Tajemniczy wahadłowiec X-37B wrócił na Ziemię

Aktualizacja:
Lądowanie tajemniczego wahadłowca amerykańskiej armii
Lądowanie tajemniczego wahadłowca amerykańskiej armii
USAF (Film bez dzwięku)
Lądowanie tajemniczego wahadłowca amerykańskiej armiiUSAF (Film bez dzwięku)

Po 225 dniach spędzonych na orbicie, tajemniczy bezzałogowy wahadłowiec X-37B wylądował w Kalifornii. - To wydarzenie rozpoczyna nową erę w eksploracji kosmosu - stwierdził entuzjastycznie Paul Rusnock, odpowiedzialny za X-37B z ramienia producenta pojazdu, koncernu Boeing.

Wojskowy wahadłowiec powrócił na Ziemię w bazie Vandenberg pod osłoną ciemności. X-37B wylądował z prędkością 482 km/h na specjalnym pasie startowym o długości pięciu kilometrów, który został zbudowany dla promów kosmicznych NASA. Jednak cywilne wahadłowce nigdy tam nie wylądowały, a X-37B był pierwszym statkiem kosmicznym wracającym na Ziemię w bazie Vandenberg.

Był to też pierwszy w pełni automatyczny powrót z orbity w historii amerykańskiego programu kosmicznego. Wcześniej udało się to tylko Rosjanom z promem kosmicznym Buran podczas testów w 1988 roku.

 
Wahadłowiec chwilę po dotarciu na miejsce postojowe (Fot. Boeing) Boeing

Oficjalna radość

Przedstawiciele US Air Force, właściciela X-37B i koncernu Boieng, który zbudował mini-wahadłowiec, w oficjalnych oświadczeniach wyrazili duże zadowolenie z przebiegu ponad siedmiomiesięcznej misji. - Jesteśmy bardzo szczęśliwi, że udało się wykonać wszystkie założone testy na orbicie - stwierdził podpułkownik Troy Giese, nadzorca programu X-37B z ramienia US Air Force.

Zgodnie z grafikiem przyjętym przez Boeinga i wojsko kolejny X-37B, który najprawdopodobniej jest już budowany, ma zostać wystrzelony na orbitę wiosną 2011 roku. Egzemplarz, który w piątek powrócił z orbity, będzie teraz szczegółowo badany przez inżynierów. X-37B szybciej wraca z orbity na Ziemię niż wahadłowce NASA, musi więc znieść większe obciążenia i temperatury.

Przebieg misji jest tajny.

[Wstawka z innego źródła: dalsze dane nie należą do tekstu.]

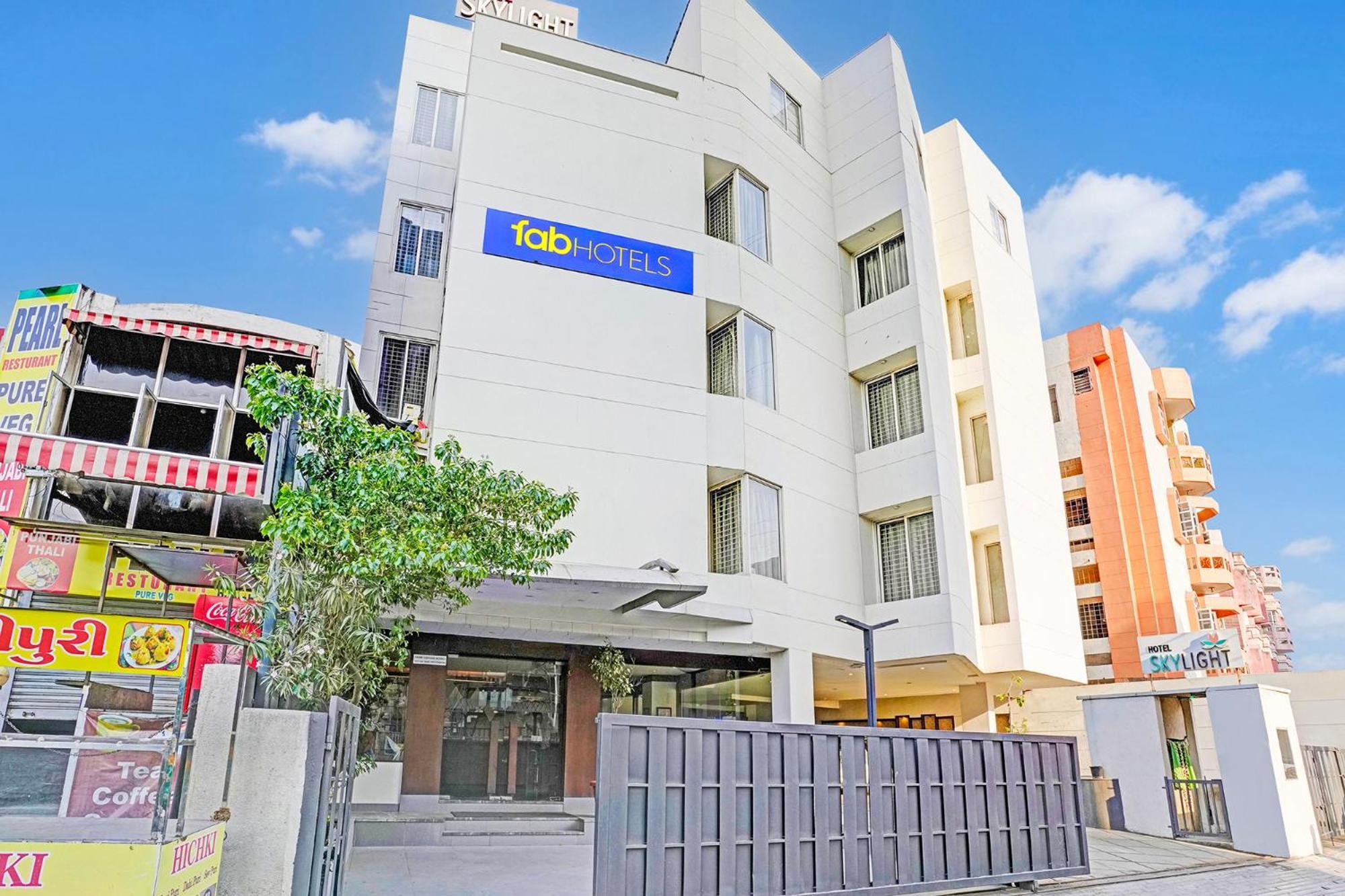 Fabhotel Prime Sky Light Вадодара Екстер'єр фото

Wojsko nie ujawniło żadnych szczegółów na temat tego, co X-37B robił na orbicie poza tym, że "testowano charakterystyki lotu i przeprowadzono demonstrację zaawansowanych technologicznie systemów". Niezależni entuzjaści, którzy pilnie śledzili wahadłowiec podczas misji, zdołali jedynie ustalić, że cztery razy znacznie zmienił swoją orbitę, co jest unikalną zdolnością X-37B.

Wojsko w kosmosie

Początkowo X-37B był programem NASA mającym służyć do testowania nowych rozwiązań dla dużych promów kosmicznych. W 2004 roku cywile oddali projekt DARPA (specjalnej agencji rządowej zajmującej się rozwojem futurystycznych technologii na potrzeby wojska), która dwa lata później przekazała go US Air Force.

Według wojskowych w przyszłości głównym zadaniem X-37B będzie wynoszenie na orbitę ziemską satelitów wojskowych, montowanie nowego wyposażenia na starych i ich serwisowanie. Dodatkowo będzie mógł sprowadzać na ziemię eksperymentalne satelity, aby można było je dokładnie obejrzeć i sprawdzić, jak przeszły testy w kosmosie. Budżet i szczegóły programu są tajne.

Program oficjalnie nie ma zastosowań militarnych, między innymi dlatego, że militaryzacja kosmosu jest zabroniona przez umowy międzynarodowe. Nieoficjalnie wiadomo jednak, że X-37B, gdyby jego twórcy chcieli, mógłby na przykład uszkodzić satelity wrogiego mocarstwa.